Desde seu primeiro livro, Sérgio de Castro Pinto encontra tempo para dar uma espiada, pelo buraco da fechadura do paraíso, na paisagem dos tempos primordiais. Naquele tempo, as feras nem eram feras e até o leão era, antes de tudo, um “sol de pêlos/ ao redor da cabeça” e nem assustava ninguém. De tanto espiar, Sérgio recria, neste Zôo imaginário (São Paulo: Escrituras, 2005), o paraíso, usando a argamassa do verbo, com toques de humor, ingenuidade e economia de palavras, povoando-o de bichos.

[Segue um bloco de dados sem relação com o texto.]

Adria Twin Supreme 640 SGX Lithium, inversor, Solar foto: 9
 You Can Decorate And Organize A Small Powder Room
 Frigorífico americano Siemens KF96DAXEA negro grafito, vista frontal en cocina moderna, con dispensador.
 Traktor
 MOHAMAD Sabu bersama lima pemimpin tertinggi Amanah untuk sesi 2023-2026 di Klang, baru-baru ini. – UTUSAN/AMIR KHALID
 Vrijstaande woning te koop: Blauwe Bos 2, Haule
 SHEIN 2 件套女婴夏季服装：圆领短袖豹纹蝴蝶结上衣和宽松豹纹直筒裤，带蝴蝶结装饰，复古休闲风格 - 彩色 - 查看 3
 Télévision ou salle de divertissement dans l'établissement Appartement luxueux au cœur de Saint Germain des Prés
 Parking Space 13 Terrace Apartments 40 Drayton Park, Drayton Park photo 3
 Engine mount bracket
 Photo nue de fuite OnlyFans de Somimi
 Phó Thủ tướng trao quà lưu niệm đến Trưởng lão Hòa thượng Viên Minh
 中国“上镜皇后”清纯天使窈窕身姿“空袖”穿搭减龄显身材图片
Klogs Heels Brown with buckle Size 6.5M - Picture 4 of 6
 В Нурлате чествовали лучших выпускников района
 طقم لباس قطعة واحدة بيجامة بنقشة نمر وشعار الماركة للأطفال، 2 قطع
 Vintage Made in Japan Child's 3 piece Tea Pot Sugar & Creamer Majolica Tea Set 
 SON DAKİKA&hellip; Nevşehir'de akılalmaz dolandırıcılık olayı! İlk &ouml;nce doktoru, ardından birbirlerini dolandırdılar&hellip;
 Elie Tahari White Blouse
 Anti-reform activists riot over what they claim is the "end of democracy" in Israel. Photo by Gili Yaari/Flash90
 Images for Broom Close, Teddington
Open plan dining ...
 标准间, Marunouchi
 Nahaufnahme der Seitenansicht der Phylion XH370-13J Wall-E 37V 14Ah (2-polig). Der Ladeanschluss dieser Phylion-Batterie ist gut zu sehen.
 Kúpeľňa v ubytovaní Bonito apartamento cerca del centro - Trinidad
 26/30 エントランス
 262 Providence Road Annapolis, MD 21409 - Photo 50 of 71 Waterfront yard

Como não aceito que apenas as crianças possam apreciar o lúdico, revisitar o paraíso, não leio esses poemas como literatura infanto-juvenil. Adulta, tenho me esforçado para não perder a esperança no jogo, no riso, no brinquedo. De repente, vem esse poeta e me devolve um paraíso perdido, trazendo-me uma leveza, que, sem esquecer a atitude crítica, recolhe um detalhe de cada criatura e lhe confere beleza, com acentuado humor. Prenhe de significados, esse espaço poético remete à fugacidade do “glamour” das passarelas e do encantamento do cinema, chegando a, “tijolo por tijolo/ num desenho mágico” (pego de Chico Buarque), dar vida à girafa.
Espírito de seu tempo, Sérgio não foge à fragmentação da realidade. Assim desde seu boi, em “as frações do boi” (1967), esquartejado em botão e pente, contempla a parte para construir o todo, fixa-se no resultado, como diretrizes de seu projeto criador. Por isso, a girafa ou a zebra ou a coruja, por exemplo, parecem formar rebanhos ou bando; na verdade, cada um desses bichos é exemplar em sua unicidade; acontece, porém, que o olhar poético se fixa numa parte cada vez que contempla ou recontempla essas criaturas; logo, não se trata da multiplicação dos bichos, mas de variadas miradas poéticas dos mesmos bichos. Sérgio reconstrói o paraíso, mas para reencontrar a unidade perdida, seu gesto se faz metonímico. Da coruja, por exemplo, destaca os olhos, para reafirmar sua relação com a sabedoria, fechando-a e fazendo-a em voto de silêncio: monja. Sem deixar de destacar o “canto” das cigarras, afasta-se da repetição da fábula, ainda que a confirme em “guitarras trágicas”. Destacando o pêlo e o pescoço da girafa, vai nos dando a configuração desse animal, através de comparações elegantemente tecidas, antecipando a metáfora “aéreo caniço pensante do nada”.
E, assim, Sérgio faz seu bestiário, incluindo mesmo um elefante, tão pouco selvagem que lembra um bichinho de pelúcia. Não creio que seja sobre a construção de um bestiário que repouse o principal sentido desses poemas. É possível que o poeta nos esteja revelando, com seu olhar inaugural, uma nova “jungle”, que se nutre também dos ditos populares, na retomada do casamento da raposa com o rouxinol, e de nossas lendas, ao ver na garça a lembrança do saci, e do diálogo com Cassiano Ricardo, Edgar Allan Poe, além de Kipling e de Chico Buarque.
Dono do verbo, esse demiurgo precisa de vários níveis de linguagem para completar seu “fiat”; atualiza o erudito “nefelibata”, passa pela linguagem especializada (“autista”, “nau à deriva”), não evita a frase feita (“a olhos vistos”) e nem o tão corrente “deu zebra” ou o radicalmente coloquial “não girar bem” e muito menos o pós-moderno empréstimo “plugar”, além do charmoso “gris”, entre outras situações, contaminado cada palavra e expressão sobejamente conhecidas com novos significados. E tudo nesse mundo de Zôo imaginário se movimenta ao som da música (“guitarras”, “canto”, “semicolcheias”, etc.).
Enquanto a girafa “rumina brisa”, no espaço poético, a fera é apenas aquele travestido de cordeiro.